No pictures go into the copy. Write out every line below exactly.

[Start of section]

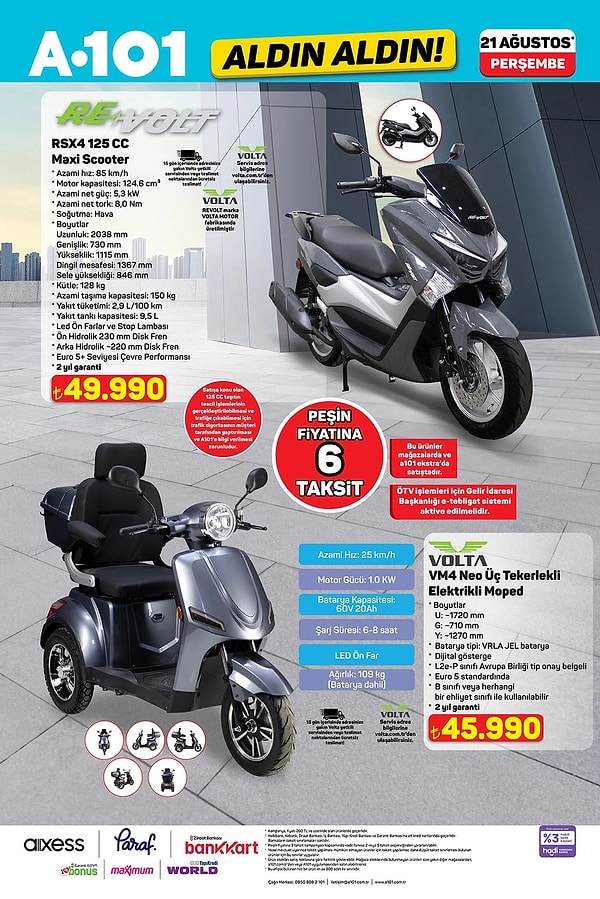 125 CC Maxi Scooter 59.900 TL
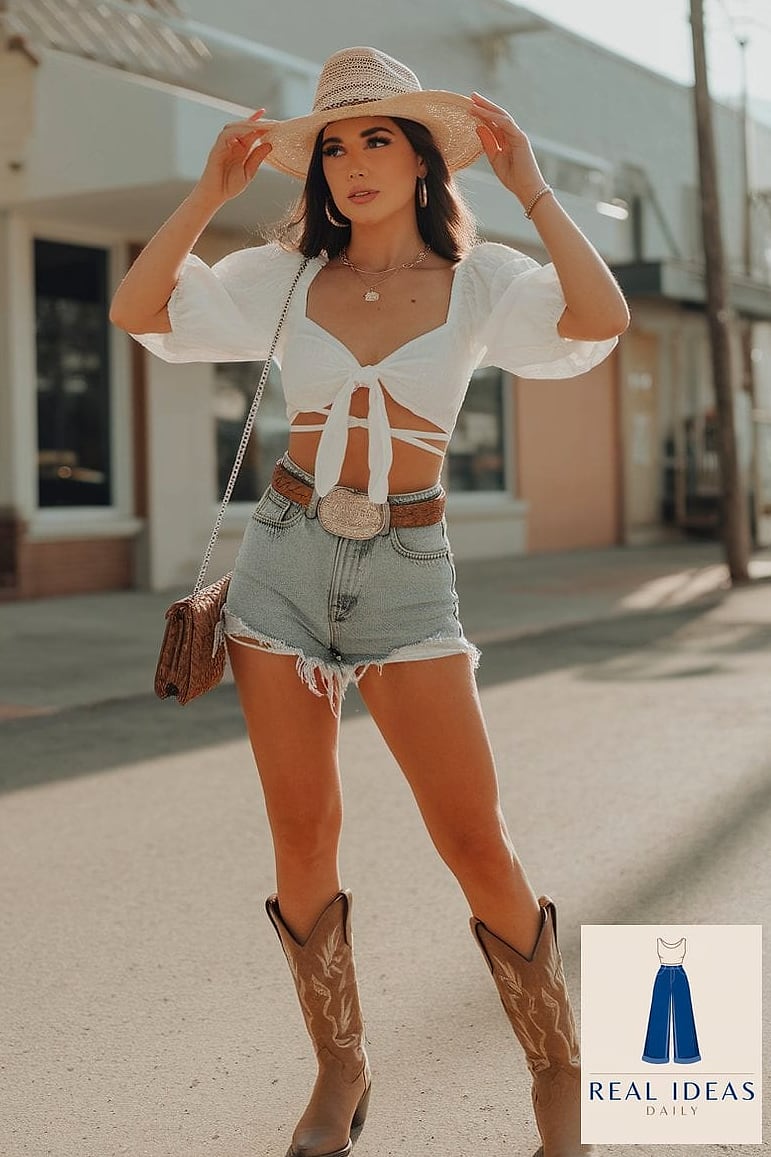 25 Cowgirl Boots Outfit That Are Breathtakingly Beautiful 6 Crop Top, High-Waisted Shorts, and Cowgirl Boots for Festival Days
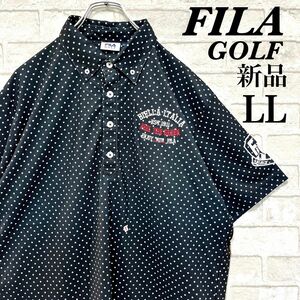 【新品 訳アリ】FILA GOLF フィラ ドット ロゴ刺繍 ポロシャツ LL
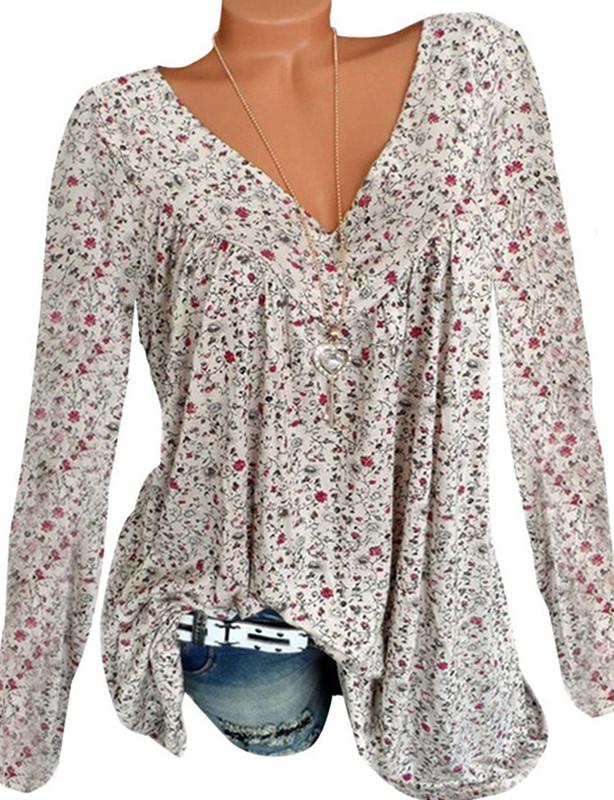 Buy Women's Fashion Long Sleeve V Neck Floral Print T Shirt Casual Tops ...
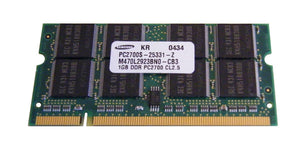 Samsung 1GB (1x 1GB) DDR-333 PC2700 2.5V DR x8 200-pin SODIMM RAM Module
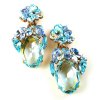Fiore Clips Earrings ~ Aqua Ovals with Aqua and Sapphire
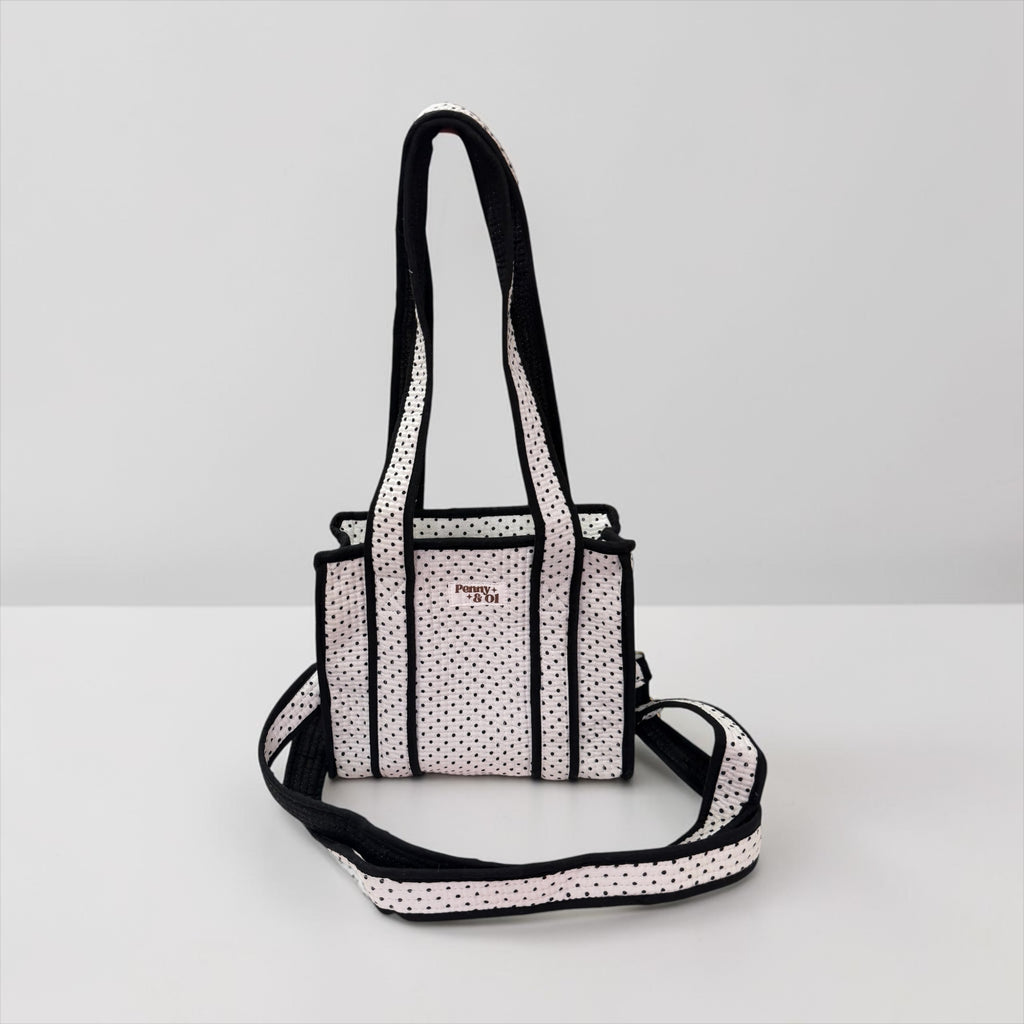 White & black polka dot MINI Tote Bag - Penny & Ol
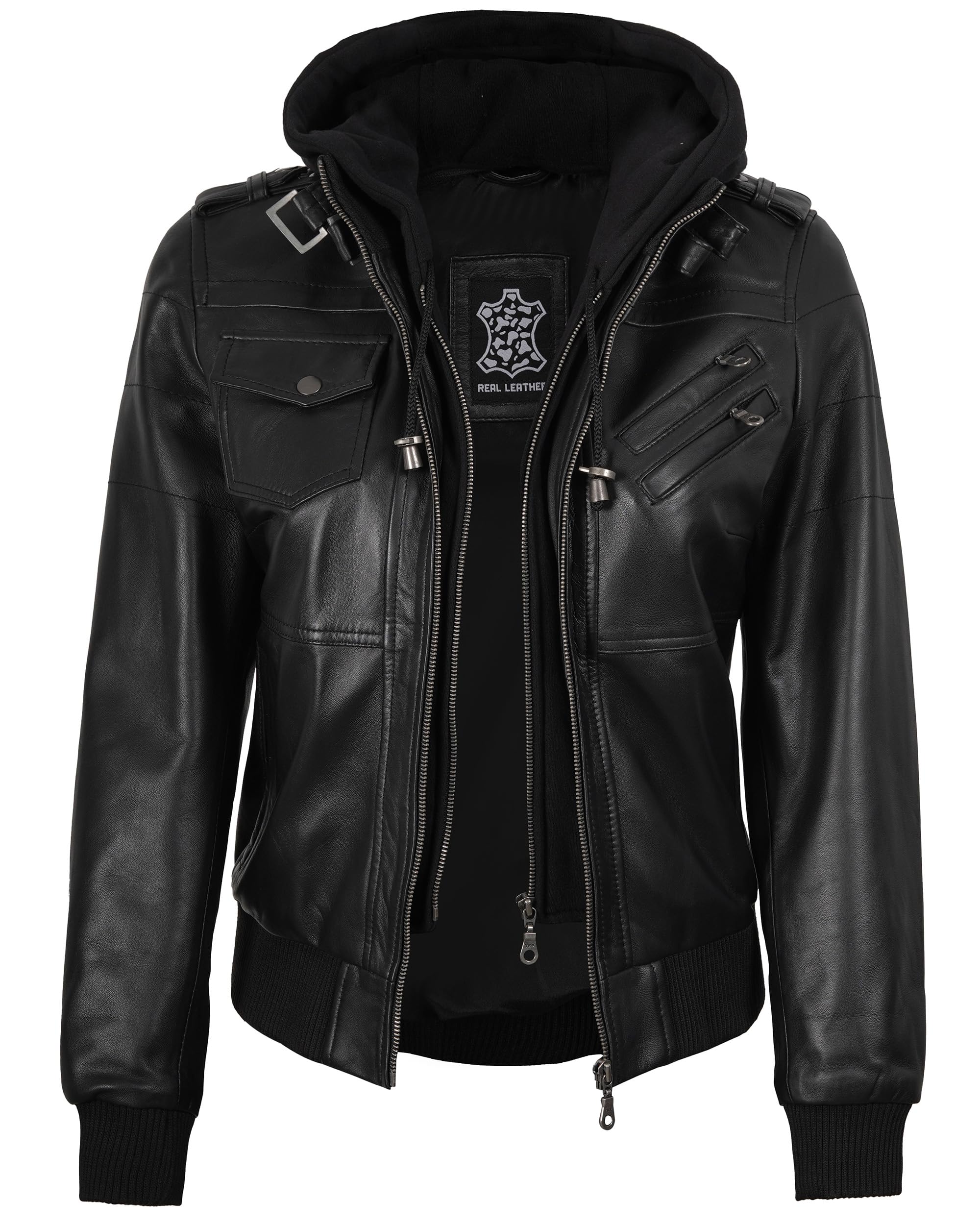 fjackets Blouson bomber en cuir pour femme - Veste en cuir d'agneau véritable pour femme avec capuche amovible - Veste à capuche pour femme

[End of section]

» TASK RESULT:
 125 CC Maxi Scooter 59.900 TL
 25 Cowgirl Boots Outfit That Are Breathtakingly Beautiful 6 Crop Top, High-Waisted Shorts, and Cowgirl Boots for Festival Days
 【新品 訳アリ】FILA GOLF フィラ ドット ロゴ刺繍 ポロシャツ LL
 Buy Women's Fashion Long Sleeve V Neck Floral Print T Shirt Casual Tops ...
 Samsung 1GB (1x 1GB) DDR-333 PC2700 2.5V DR x8 200-pin SODIMM RAM Module
Fiore Clips Earrings ~ Aqua Ovals with Aqua and Sapphire
 White & black polka dot MINI Tote Bag - Penny & Ol
 fjackets Blouson bomber en cuir pour femme - Veste en cuir d'agneau véritable pour femme avec capuche amovible - Veste à capuche pour femme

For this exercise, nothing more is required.